Saturday, October 26, 2013

The One


I'm a romantic. If you know me, you might not believe me because I'm also a realist. My guilty pleasure is romance novels. Because I usually, sneer, scoff and ask “WTF” through most of the story, I now just skip to the end... 

I used to think I'd find The One, get married and have a couple kids. I would also have the perfect job as a princess or pop singer and all of this by the time I turned 25... We all know these plans never work out. 

I never expected to meet and fall in love with the perfect man; just one perfect for me. Our eyes would meet across a crowded Con (or book store or library) and we would feel instantly drawn to each other. We would spend hours talking about the merits of our favorite Doctor and whether or not the latest Avengers/Star Trek/Star Wars/X-Men movies were really worth the price of admission, hang out playing video or board games or just read. My self esteem and body image issues wouldn't matter because he would have them too.

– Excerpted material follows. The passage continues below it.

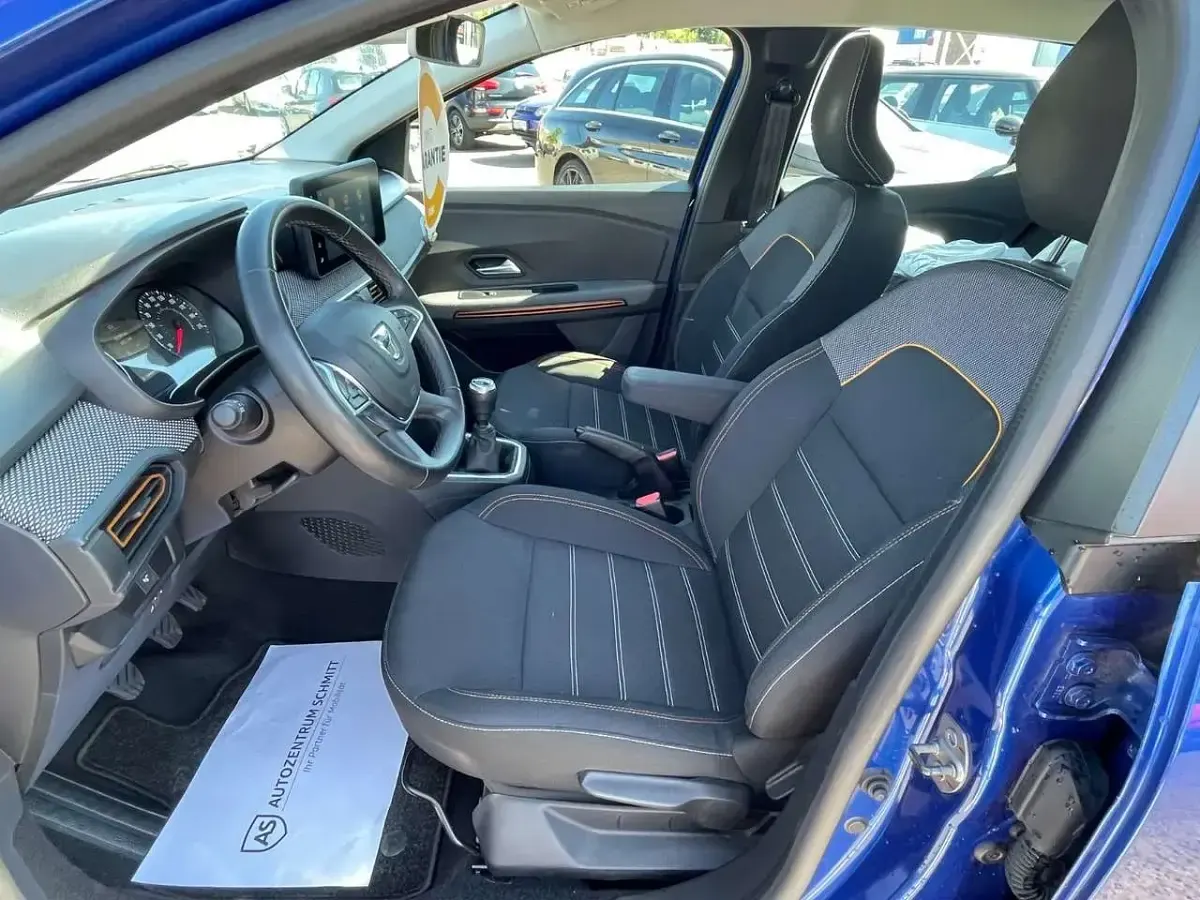 Gebraucht Dacia Sandero Comfort 91 PS (66 kW) 2022 Blau Kleinwagen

I have yet to meet and KNOW that I found The One-so I'm still looking; but not very hard. It is a tough time to be dating. Oh, don't worry- I could have all the dates and other stuff I want. I just don't want what's offered... I've tried online dating and found some really interesting people...

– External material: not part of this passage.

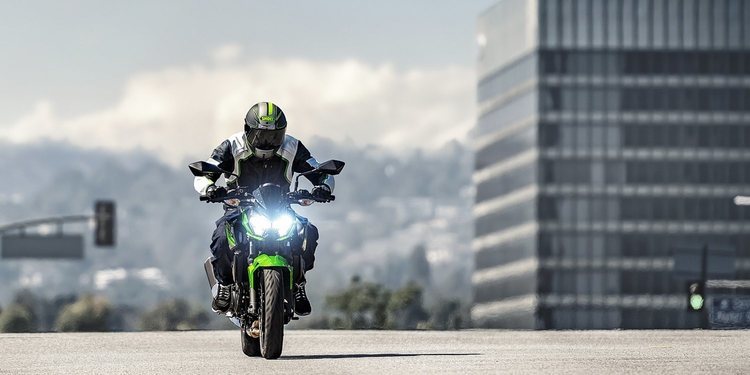 Nueva Kawasaki Z400 2019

There was the guy who sent me an email to say that he really liked the answer to one of my questions and appreciated my honesty. There have been some that sent me emails to see about getting to know each other. Then there are the ones that boldly ask for what they really want.

I got an email from a guy with whom I had had no previous correspondence. All it said was “FWB?” I had to Google it. Apparently he was asking for no-strings sex- Friends With Benefits. I didn't answer him. Would it really be fwb if I had never met him before? NO, that would be a one-night-stand and a very good way to get robbed, have my liver or other organ harvested and left for dead or end up with a baby and no Baby Daddy. So, no thank you. 

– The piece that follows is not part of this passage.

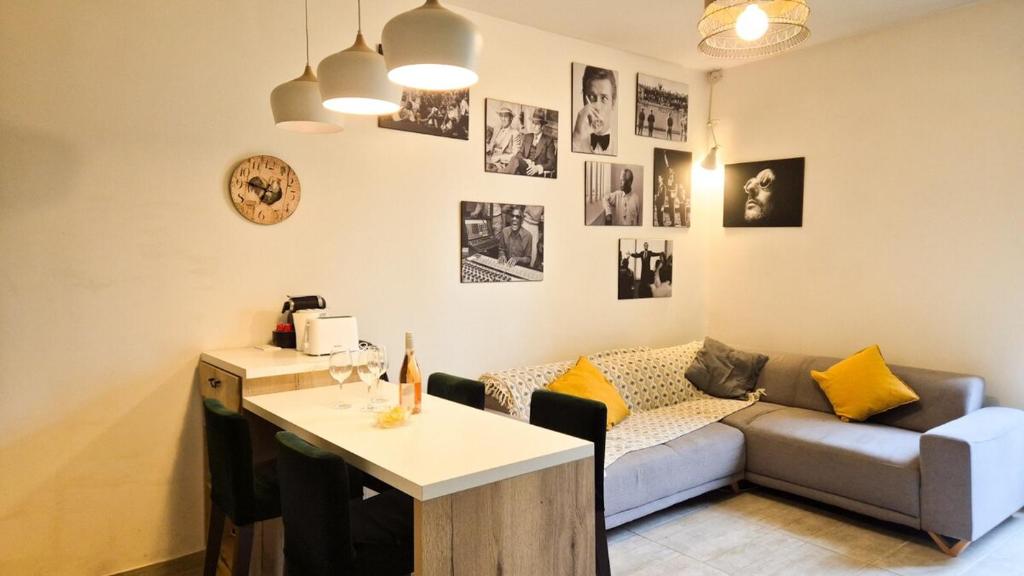 Joli T3 moderne avec terrasse & climatisation - 5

When those well meaning relatives/co-workers/whoever asks why I'm still single I can say that being single is better than being left for dead in a seedy motel on 15 half way to Lexington just so I can hook up with a guy who MIGHT be The One. There is a reason it is called a HOOK up. Just saying.

I usually just say that “I haven't met anyone I want to spend that much time with.” Maybe I'll throw in an occasional “I haven't met anyone I like more than myself.”